• Task statement: Would you please repeat exactly the entries below, starting at the line with "Hive Invasion plans" and ending at the line with "Real medium backpack", and nothing outside that range? Leave out the pictures.

(Given entries Opens)

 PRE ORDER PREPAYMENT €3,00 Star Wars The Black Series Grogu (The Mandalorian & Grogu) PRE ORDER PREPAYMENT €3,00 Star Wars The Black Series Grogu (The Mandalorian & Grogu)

(Given entries Closes)
(Given entries Opens)

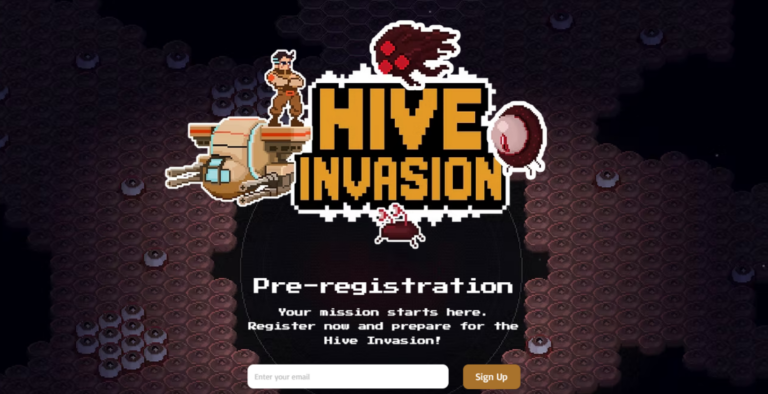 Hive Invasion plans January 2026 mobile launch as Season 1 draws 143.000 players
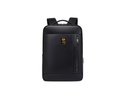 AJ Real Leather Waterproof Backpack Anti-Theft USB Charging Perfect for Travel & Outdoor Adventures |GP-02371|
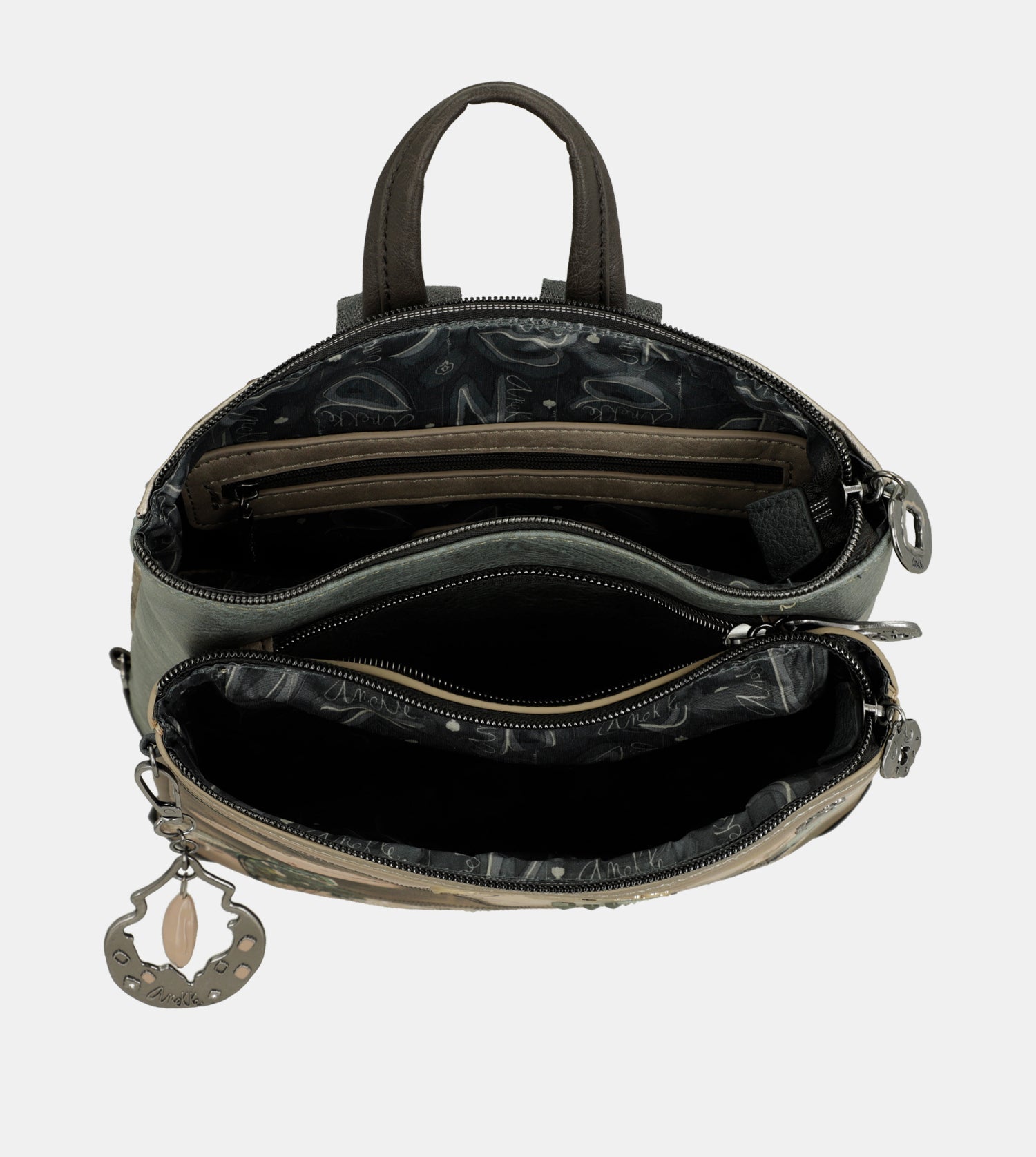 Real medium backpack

(Given entries Closes)

• Answer to this problem:
 Hive Invasion plans January 2026 mobile launch as Season 1 draws 143.000 players
 AJ Real Leather Waterproof Backpack Anti-Theft USB Charging Perfect for Travel & Outdoor Adventures |GP-02371|
 Real medium backpack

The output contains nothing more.